The Court then identified other areas of law that embrace the situation in which a principal can be liable for acts that an innocent intermediary commits, if the principal induced the intermediary to so act. The majority pointed to the aiding and abetting provision in 18 U.S.C. § 2(a & b), which “has been construed to permit the conviction of an accessory who induces or causes a criminal offense even when the principal is found not liable for the unlawful conduct.” The majority drew two more analogies to torts (§ 877(a) of the Second Restatement of Torts, and §§ 876 and 877 of the First Restatement of Torts), and reasoned that these exemplars were particularly compelling because § 271(b) derives from “the old common law doctrine of joint tort feasors.” According to the majority, these analogous principles found from other facets of the law support the conclusion that “a party may be liable for inducing infringement even if none of the individuals whose conduct constitute infringement would be liable, as direct infringers, for the act of infringement that was induced.”

Judge Newman dissented

Judge Newman’s dissent criticizes the majority for making “dramatic changes in the law of infringement.” Namely, Judge Newman stated that the “scant majority of the court adopts a new theory of patent infringement…whereby any entity that ‘advises, encourages, or otherwise induces,’ maj. op. 14, or ‘causes, urges, encourages, or aids the infringing conduct,’ id. at 15, is liable for the infringing conduct.”

Judge Newman also points out that “the majority further holds that only the ‘inducer’ is liable for divided infringement, and that the direct infringers are not liable although the patent rights are ‘plainly being violated by the actors’ joint conduct.’” Judge Newman characterizes this “new” and “flawed” type of infringement as the “inducement-only rule.”

According to Judge Newman, the infringement jurisprudence compels a different results—that there is infringement “when all of the claimed steps are performed, whether by a single entity or more than one entity, whether by direction or control, or jointly, or in collaboration or interaction.” Judge Newman’s dissent also touched on remedies in such cases, proposing that the “[r]emedy for infringement may be apportioned on such traditional tort factors as the relative contribution to the injury to the patentee, the economic benefit received by the tortfeasor, and the knowledge and culpability of the actor.”

Judge Linn dissented (Judges Dyk, Prost, and O’Malley. joining)

Judge Linn’s dissent concludes that the rulings in BMC and Muniauction were correct and should be adopted en banc so that “liability under § 271(b) requires the existence of an act of direct infringement under § 271(a), meaning that all steps of a claimed method be practiced, alone or vicariously, by a single entity or joint enterprise.”

Judge Linn’s dissent criticized the majority’s conclusion that the definition of “infringement” is different under § 271(a) and § 271(b).
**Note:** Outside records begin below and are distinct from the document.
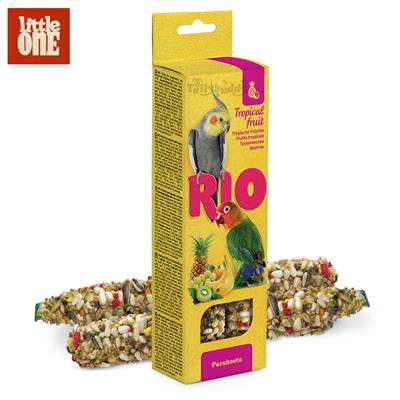RIO Sticks for Parakeets with Tropical Fruits ขนมนก สำหรับนกแก้วขนาดเล็ก รสผลไม้รวม (75gx2แท่ง)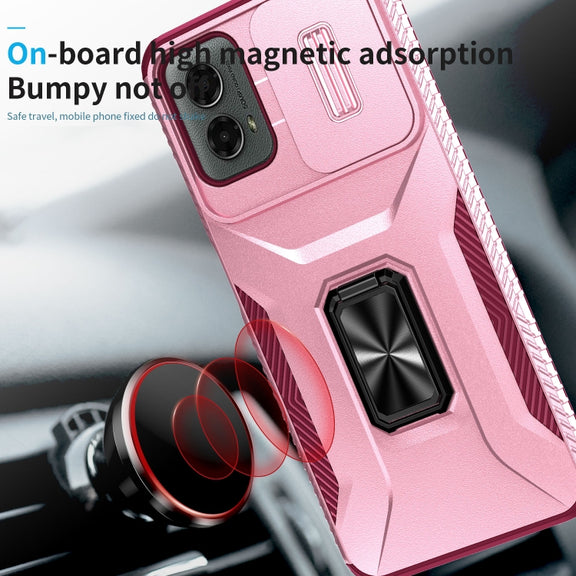 For Motorola Moto G 5G 2024 Sliding Camshield Holder Phone Case(Pink + Rose Red)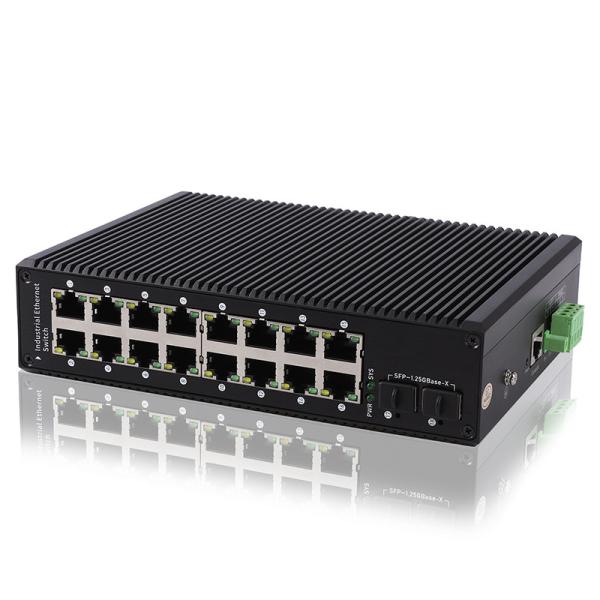 Quality 16 Gigabit Industrial Unmanaged POE Switch 2 Sfp Fiber Switch for sale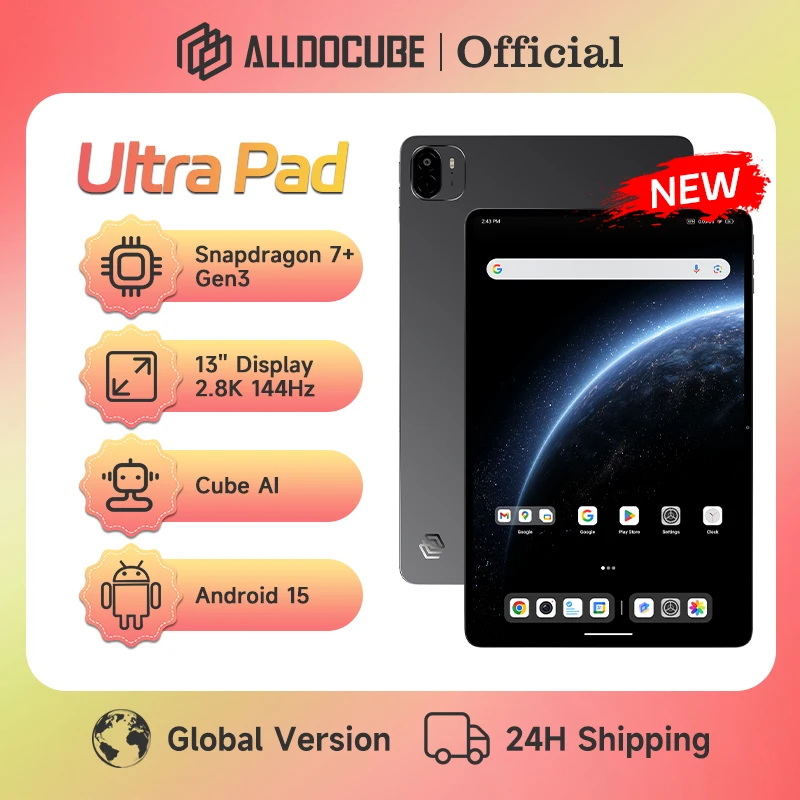 Фото Планшет ALLDOCUBE Ultra Pad 13'' 2.8K 144Гц, Snapdragon 7+ Gen3, 18 ГБ ОЗУ, 256 ГБ ПЗУ, Android 15, 15000 мАч, Cube AI №1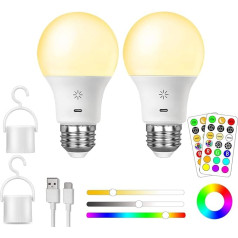 USB uzlādējama akumulatora spuldze ar tālvadības pulti, E27 viedās krāsu maiņas krāsainās RGB spuldzes, 9 + 3 krāsu temperatūras, 8 W LED dimmējama akumulatora lampa ar skārienvadību un laika funkciju, 2600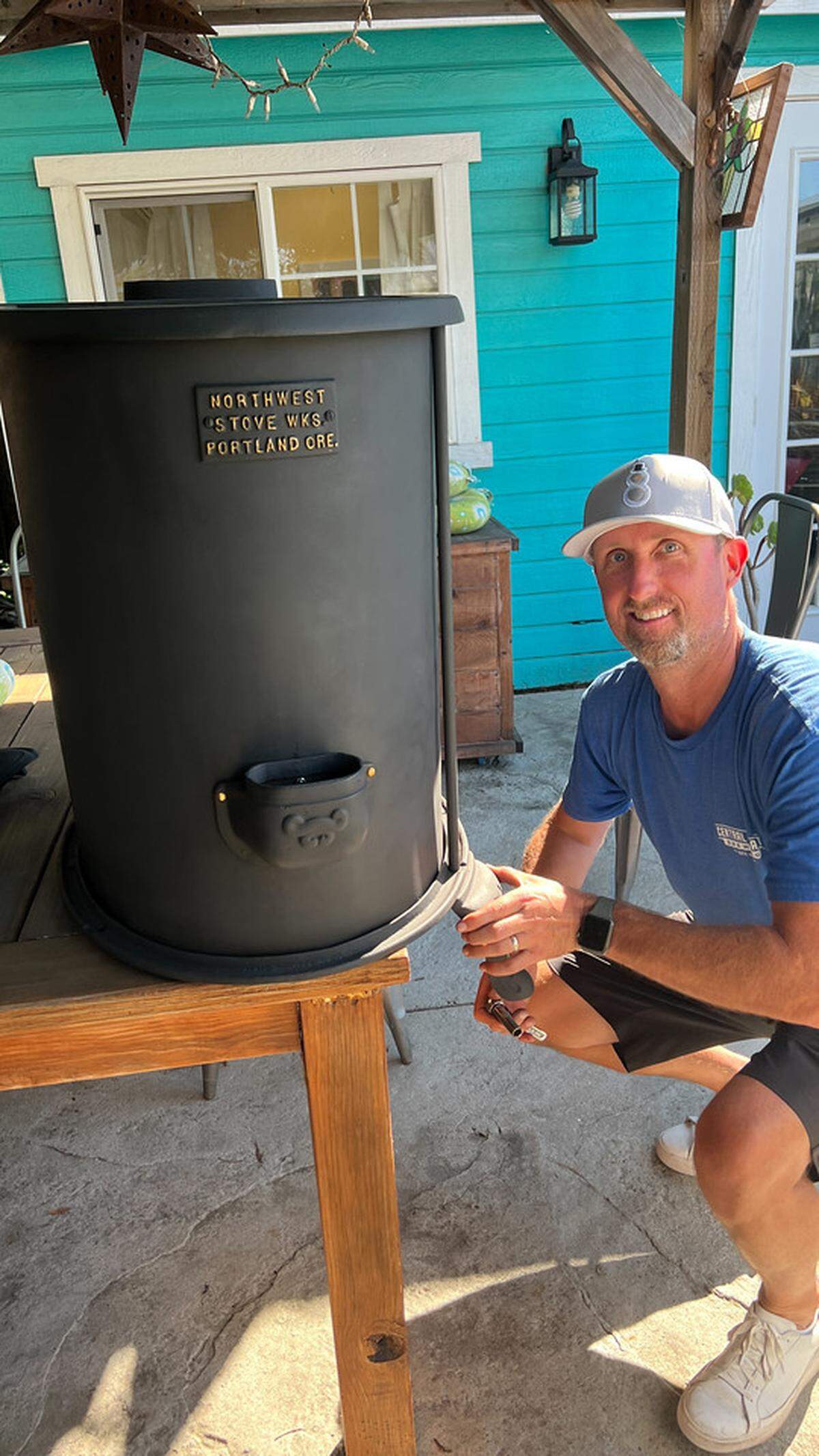 Brian Snow reinstalls a foot on a circa 1880s Northwest Stove Works heating unit that was in the old Santa Rosa School in Cambria for more than seven decades, then removed in 1952. Snow and his twin, Paul Snow, both raised in the northern San Luis Obispo County community, restored the stove and reinstalled it in the one-room schoolhouse in late October 2023.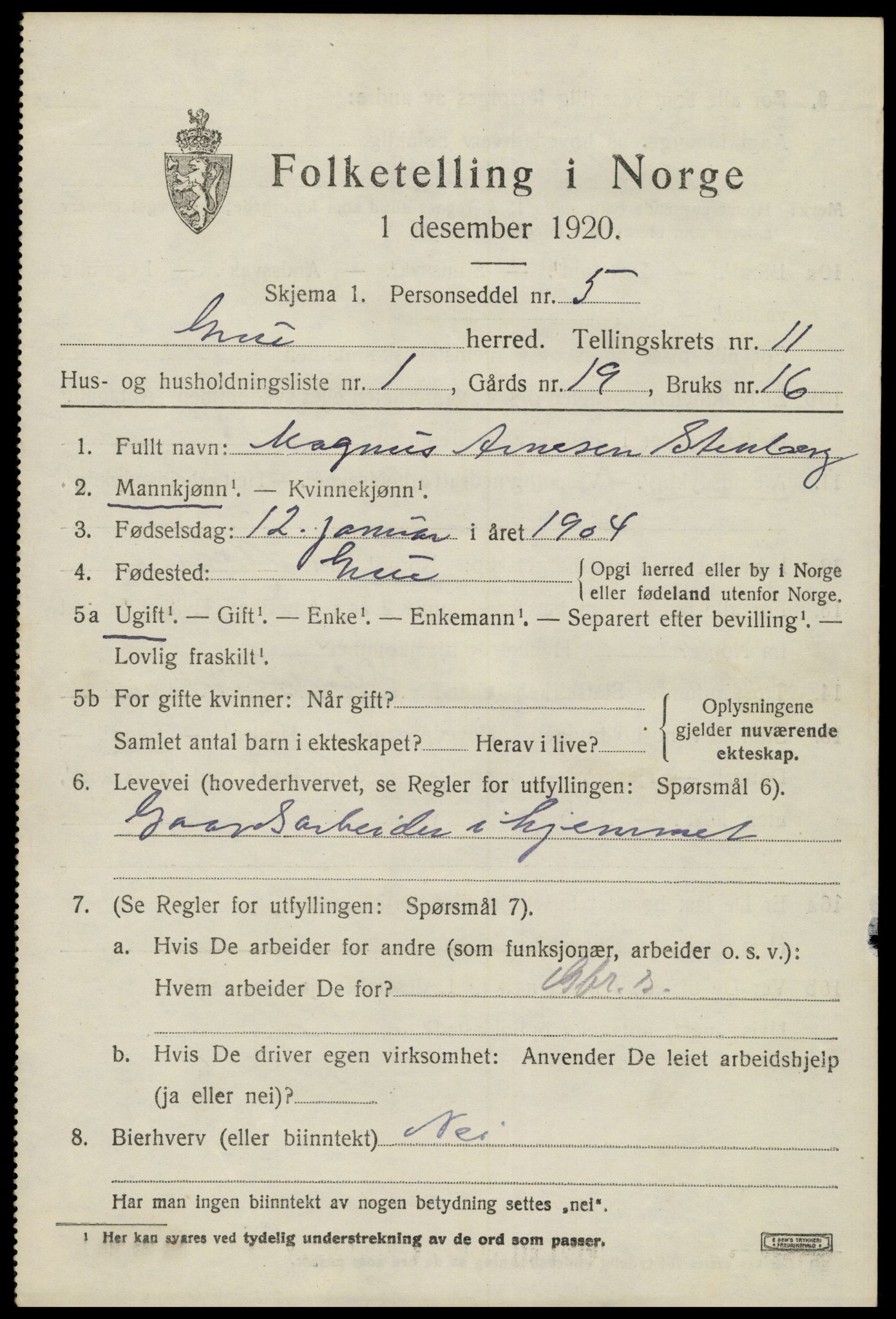 SAH, 1920 census for Grue, 1920, p. 9377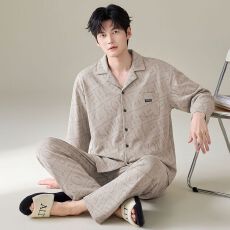 批发纯棉开衫秋冬季男款睡衣长袖长裤两件套圆领家居服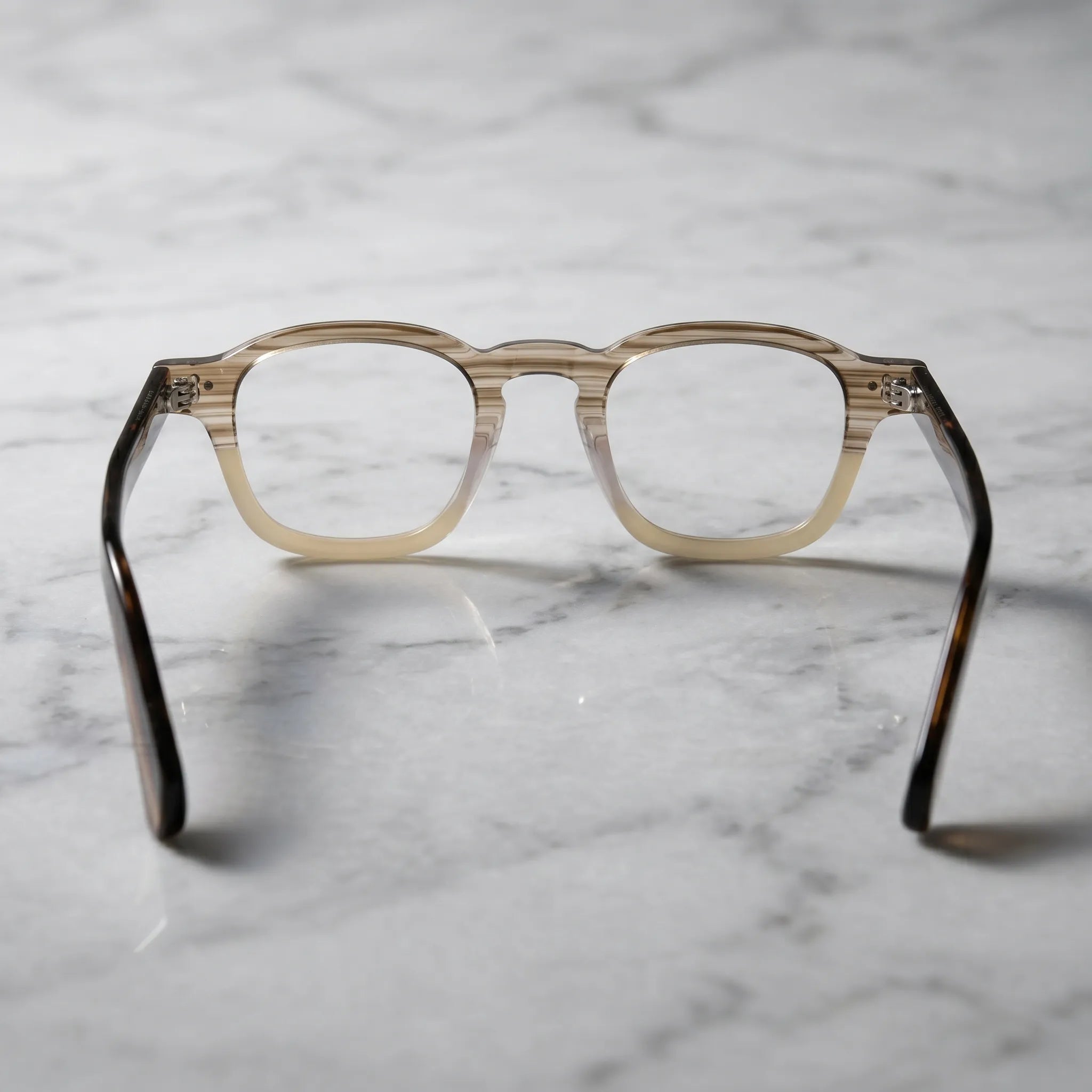 Barledear Honey Crystal Brown eyeglasses back view showing integrated nose pads, temple shape, and full-rim frame structure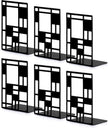Book Ends, Bookends, Book Ends for Shelves, Bookends for Heavy Books, Book Divider Decorative Holder, Metal Heavy Duty Bookend Black 3 Pair, Abstract Art Desgin Book Stopper Supports for Office, Home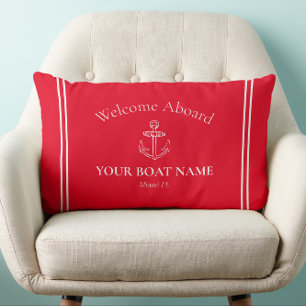 Welcome Aboard Boat Name Bright Red Nautical Lumbar Pillow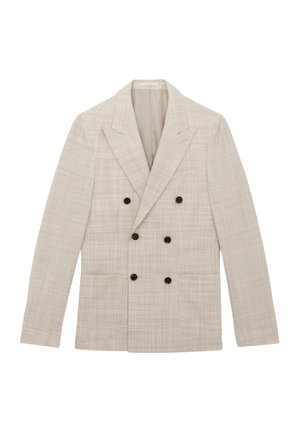 Reiss REGULAR FIT - OE BELMONDO DOUBLE-BREASTED CHECK SUIT BLAZER REGULAR-FIT . - Sakko - stone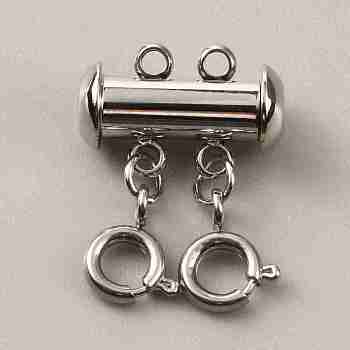 304 Stainless Steel Slide Lock Clasps, Peyote Clasps, with Spring Clasps and Loops, Tube, for Jewelry Making, Stainless Steel Color, 21x15x7mm, Hole: 1.5mm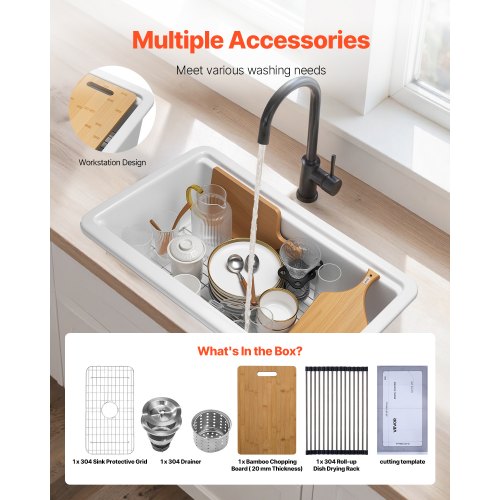 76cm farmhouse sink top mounted undermount kitchen sink with single bowl, fireclay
Judge Linn wrote, “Divorcing liability under § 271(a) from liability under § 271(b) is unsupported by the statute, subverts the statutory scheme, and ignores binding Supreme Court precedent.” Judge Linn proposed that “infringement” is expressly defined in § 271(a) alone according to the statutory language, comments contained in House and Senate reports from the statute’s adoption, canons of statutory construction, and statements by the Supreme Court in Aro.

Judge Linn’s dissent also addressed the grounds upon which the majority based its holding by questioning the relevance of Judge Rich’s comments (noting that it is unclear whether Judge Rich’s comments were directed at contributory infringement or induced infringement), calling the majority’s reading of the Fromson opinion “misplaced and misleading,” questioning the propriety of the majority’s reliance on Congress’s more recent additions to § 271, and questioning the propriety of the majority analogizing patent law to other areas of law such as criminal and tort law.

[1] In her dissent, Judge Newman observed that, “while many innovative industries explained how they may be affected by possible rulings on divided infringement, not one of the many amici suspected the inducement-only theory that is here adopted.”